I close the back door on the grey sky and turn on the kitchen light. I’d like a kitchen like this:
homely, warm, countrified but with a sleek stainless steel cooking range. It’s a proper kitchen, with
wooden work surfaces and normal sized pots and pans unlike the
O Kipos
kitchen that we use
whether we’re cooking for a hundred people or just the four of us. It’s a simple meal tonight
at Mum’s request: ham, boiled eggs, new potatoes and salad and it doesn’t take me long
to prepare it. It’s raining by the time I knock on Mum’s study door to tell her dinner’s
ready.

‘I’ll eat it in here,’ she says.

She’s at her desk, working on her laptop. She barely looks up at me.

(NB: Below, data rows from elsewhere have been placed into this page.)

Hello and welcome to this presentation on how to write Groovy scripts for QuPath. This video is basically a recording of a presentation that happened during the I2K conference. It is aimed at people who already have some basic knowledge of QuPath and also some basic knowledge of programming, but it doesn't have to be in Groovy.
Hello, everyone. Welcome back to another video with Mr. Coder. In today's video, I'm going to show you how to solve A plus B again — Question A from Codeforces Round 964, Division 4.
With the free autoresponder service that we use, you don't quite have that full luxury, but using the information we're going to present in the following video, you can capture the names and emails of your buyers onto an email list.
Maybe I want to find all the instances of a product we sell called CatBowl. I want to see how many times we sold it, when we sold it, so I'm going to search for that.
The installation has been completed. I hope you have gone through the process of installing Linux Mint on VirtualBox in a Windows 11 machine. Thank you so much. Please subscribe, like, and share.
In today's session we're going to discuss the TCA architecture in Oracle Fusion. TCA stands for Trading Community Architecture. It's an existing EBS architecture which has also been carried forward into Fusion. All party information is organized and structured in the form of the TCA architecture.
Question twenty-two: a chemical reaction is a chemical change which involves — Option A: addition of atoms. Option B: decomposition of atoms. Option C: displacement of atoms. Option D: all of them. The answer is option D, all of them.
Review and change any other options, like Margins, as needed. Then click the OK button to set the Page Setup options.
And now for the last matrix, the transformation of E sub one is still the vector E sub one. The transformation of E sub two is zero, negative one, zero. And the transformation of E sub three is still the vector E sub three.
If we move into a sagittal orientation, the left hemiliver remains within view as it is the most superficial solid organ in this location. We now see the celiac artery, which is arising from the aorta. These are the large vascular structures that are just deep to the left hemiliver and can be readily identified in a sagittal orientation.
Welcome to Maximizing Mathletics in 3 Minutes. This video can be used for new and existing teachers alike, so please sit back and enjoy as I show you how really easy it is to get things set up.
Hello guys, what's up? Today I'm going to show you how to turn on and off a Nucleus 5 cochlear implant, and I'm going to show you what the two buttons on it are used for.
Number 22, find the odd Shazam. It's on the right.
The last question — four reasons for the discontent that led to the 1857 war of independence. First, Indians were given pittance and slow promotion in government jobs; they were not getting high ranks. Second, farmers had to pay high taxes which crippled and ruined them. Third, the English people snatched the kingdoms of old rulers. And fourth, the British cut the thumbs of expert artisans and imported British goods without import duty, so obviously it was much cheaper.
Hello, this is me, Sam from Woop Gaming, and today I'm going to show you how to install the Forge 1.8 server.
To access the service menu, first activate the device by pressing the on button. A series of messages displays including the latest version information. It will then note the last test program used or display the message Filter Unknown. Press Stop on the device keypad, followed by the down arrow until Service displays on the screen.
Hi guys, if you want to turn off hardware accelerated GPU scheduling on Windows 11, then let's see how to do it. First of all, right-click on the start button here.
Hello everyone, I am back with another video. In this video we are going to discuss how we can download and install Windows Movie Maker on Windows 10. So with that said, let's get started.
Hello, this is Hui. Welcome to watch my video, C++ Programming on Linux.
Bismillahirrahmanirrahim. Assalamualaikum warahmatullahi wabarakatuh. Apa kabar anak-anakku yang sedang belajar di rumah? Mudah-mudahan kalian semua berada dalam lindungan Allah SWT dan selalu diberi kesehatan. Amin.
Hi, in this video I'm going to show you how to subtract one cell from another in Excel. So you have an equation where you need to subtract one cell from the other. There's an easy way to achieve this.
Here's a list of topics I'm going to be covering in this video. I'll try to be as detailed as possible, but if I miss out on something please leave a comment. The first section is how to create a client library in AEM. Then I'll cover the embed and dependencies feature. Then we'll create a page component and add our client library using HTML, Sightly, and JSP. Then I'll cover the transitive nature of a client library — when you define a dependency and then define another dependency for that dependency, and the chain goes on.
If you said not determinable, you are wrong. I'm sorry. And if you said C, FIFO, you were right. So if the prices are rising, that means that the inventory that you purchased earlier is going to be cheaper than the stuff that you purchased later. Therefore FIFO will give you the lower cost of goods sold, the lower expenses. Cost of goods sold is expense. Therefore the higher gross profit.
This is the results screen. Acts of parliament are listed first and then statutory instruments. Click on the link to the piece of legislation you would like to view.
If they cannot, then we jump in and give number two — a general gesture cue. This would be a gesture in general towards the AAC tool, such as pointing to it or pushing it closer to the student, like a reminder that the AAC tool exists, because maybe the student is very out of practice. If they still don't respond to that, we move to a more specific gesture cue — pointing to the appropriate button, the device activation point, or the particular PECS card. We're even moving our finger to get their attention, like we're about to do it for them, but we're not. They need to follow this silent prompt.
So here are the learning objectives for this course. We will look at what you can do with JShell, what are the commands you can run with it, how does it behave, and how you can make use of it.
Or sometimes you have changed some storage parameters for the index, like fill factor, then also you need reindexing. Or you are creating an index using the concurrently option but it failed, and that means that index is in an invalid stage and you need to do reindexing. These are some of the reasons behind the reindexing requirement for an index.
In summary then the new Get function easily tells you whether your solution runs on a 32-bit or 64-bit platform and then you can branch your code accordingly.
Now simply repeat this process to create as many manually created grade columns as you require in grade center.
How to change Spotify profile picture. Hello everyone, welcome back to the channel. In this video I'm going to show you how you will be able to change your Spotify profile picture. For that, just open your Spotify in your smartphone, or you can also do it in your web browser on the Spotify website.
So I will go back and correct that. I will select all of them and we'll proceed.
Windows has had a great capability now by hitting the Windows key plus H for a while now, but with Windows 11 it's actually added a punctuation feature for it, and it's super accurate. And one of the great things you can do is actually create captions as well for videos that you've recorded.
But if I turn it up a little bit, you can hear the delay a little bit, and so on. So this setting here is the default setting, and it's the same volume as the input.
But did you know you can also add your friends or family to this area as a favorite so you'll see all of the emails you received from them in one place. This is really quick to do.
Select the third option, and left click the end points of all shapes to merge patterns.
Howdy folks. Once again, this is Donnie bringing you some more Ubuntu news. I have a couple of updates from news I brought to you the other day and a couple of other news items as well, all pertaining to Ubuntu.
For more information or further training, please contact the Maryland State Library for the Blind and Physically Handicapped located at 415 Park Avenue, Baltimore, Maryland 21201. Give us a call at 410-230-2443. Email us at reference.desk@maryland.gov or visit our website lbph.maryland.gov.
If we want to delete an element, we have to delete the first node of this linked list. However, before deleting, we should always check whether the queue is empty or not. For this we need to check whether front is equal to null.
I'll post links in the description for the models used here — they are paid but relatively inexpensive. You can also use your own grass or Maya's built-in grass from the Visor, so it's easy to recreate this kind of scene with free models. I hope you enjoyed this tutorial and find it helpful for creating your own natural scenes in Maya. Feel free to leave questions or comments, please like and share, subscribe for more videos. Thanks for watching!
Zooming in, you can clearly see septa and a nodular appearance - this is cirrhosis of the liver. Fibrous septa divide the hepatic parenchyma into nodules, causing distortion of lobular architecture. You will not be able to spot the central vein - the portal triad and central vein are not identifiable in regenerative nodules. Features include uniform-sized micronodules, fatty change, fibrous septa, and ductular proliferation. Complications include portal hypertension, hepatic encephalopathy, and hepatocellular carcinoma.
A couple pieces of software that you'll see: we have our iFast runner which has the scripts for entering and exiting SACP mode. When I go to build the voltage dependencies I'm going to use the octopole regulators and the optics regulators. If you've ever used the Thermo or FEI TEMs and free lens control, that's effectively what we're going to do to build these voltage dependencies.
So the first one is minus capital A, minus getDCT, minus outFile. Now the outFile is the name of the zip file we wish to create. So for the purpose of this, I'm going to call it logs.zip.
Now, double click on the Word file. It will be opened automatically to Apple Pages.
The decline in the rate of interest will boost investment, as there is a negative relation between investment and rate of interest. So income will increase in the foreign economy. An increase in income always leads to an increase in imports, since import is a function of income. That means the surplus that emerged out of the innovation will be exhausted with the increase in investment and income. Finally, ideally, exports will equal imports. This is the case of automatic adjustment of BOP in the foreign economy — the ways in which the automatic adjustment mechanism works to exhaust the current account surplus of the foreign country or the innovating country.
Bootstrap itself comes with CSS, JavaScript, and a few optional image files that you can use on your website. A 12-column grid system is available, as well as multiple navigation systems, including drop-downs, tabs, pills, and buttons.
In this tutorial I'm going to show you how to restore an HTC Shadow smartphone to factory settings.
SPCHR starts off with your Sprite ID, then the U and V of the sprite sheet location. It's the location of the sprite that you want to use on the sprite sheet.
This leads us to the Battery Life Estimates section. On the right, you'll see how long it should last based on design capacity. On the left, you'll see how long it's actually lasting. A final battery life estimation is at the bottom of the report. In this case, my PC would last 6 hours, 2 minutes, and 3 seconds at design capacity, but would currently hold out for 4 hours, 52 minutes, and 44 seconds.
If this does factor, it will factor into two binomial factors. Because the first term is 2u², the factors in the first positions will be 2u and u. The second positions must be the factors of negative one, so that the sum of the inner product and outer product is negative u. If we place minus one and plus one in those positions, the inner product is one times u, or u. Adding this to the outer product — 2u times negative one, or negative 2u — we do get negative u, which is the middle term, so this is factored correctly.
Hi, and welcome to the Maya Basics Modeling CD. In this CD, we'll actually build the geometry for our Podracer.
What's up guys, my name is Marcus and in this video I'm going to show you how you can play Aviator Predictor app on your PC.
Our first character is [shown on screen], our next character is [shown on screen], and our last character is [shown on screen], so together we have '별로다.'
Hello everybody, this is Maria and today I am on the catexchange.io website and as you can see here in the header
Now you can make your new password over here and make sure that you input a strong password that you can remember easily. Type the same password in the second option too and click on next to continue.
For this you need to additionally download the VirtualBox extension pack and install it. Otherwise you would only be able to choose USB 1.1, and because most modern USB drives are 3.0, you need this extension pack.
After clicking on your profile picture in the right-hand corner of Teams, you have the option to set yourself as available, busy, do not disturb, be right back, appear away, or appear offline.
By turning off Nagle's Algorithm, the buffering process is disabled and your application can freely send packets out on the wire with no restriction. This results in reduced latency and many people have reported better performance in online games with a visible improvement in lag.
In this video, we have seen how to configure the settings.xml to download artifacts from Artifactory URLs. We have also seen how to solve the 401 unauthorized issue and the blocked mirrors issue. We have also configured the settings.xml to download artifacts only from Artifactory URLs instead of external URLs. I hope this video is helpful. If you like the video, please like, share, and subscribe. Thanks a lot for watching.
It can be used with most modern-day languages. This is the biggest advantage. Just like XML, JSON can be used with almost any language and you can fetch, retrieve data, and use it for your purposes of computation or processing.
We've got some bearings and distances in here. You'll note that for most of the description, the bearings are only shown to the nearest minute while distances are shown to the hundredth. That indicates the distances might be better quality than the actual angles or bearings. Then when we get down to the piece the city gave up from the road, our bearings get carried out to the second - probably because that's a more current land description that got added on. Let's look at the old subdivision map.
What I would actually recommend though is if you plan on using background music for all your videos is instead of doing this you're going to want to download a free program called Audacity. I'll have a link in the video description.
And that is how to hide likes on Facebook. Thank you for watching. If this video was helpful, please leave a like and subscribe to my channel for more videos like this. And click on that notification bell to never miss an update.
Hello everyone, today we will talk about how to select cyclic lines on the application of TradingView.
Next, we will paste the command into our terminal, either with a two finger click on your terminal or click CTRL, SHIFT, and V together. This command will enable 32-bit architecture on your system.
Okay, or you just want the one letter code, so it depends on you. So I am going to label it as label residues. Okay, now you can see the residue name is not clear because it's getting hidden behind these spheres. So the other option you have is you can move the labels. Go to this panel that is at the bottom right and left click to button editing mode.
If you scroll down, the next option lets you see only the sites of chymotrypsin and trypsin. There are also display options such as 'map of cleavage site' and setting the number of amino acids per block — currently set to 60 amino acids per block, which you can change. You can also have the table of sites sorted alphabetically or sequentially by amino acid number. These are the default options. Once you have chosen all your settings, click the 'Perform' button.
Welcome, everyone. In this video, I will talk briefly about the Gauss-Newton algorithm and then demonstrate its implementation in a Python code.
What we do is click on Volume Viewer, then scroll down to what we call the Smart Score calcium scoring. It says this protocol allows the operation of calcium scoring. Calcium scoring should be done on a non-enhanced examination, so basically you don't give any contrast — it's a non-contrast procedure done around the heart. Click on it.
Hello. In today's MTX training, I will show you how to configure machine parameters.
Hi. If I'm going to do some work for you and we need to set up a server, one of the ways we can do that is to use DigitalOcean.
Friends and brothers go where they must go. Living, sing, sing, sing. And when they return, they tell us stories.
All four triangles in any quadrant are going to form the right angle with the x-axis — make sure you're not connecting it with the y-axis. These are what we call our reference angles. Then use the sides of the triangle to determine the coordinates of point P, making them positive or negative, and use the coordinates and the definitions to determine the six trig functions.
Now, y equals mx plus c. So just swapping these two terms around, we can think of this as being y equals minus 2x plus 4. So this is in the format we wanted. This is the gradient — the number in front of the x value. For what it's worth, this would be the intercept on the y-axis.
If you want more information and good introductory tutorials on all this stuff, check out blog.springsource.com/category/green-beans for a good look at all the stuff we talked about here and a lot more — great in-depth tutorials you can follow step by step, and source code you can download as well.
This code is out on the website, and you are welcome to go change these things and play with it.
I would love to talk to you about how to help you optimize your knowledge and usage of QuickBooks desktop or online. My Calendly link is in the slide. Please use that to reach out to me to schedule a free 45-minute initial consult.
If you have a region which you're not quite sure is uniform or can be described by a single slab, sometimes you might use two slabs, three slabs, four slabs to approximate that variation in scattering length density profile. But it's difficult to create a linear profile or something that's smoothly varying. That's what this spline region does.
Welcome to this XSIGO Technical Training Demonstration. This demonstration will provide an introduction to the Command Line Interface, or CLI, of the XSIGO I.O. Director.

‘You don’t want to sit at the table?’ I ask.

‘No, I’ve still got emails to send and then I’m going to bed.’

That’s the extent of our conversation for the rest of the evening. Ignoring me is not going to make
me go away. I eat in the kitchen on my own, clear away and wash up. Afterwards I sit down in the
living room and choose one of Mum’s DVDs to watch. She’s replaced all our old videos with DVDs and
bought a load more. I’m not in the mood for anything sad so that rules out
Braveheart, Beaches
and
ET
. I want something to take my mind off things and I finally decide on
Friends
. I curl up on the sofa
and snuggle into the soft cushions. An hour later, at nine o’clock, Mum’s study door creaks open.
There’s a brief silence before a slow rhythmic thud as she makes her way upstairs. Despite wanting to
make sure she’s okay, I stay put and only relax when I hear her bedroom door slam shut.


The flowers arrive the next morning. I open the front door to find a shrivelled looking man with broken
veins in his cheeks and a tobacco-stained grin. He stands on the doorstep, not with a bouquet of
flowers, but a van-full in the drive.

‘Is Leila not in?’ he asks. I thought Marcy’s accent was strong but his beats it, drawn-out and thick
Norfolk.

‘She’s still asleep.’

‘Terrible, terrible what happened.’

‘You’ve heard?’

‘Word gets around,’ he says. ‘Is she?’ He gestures with his hands, which I take to mean ‘is she
coming down?’

‘She’s not up yet.’

‘Oh,’ he says. ‘Best get these flowers in.’

I follow him out to his van.
Wilde’s Flowers
is written on the side in green. He slides open the side
door and climbs in. The smell is sweet and potent. I recognise some of the more common flowers: roses,
lilies and carnations, but there are exotic ones too. He passes Mum’s order of flowers to me in buckets
and I put them down on the gravel.

‘I’ll give you a hand taking them in,’ he says after handing me the last lot.

‘It’s okay, I’ve got nothing else to do.’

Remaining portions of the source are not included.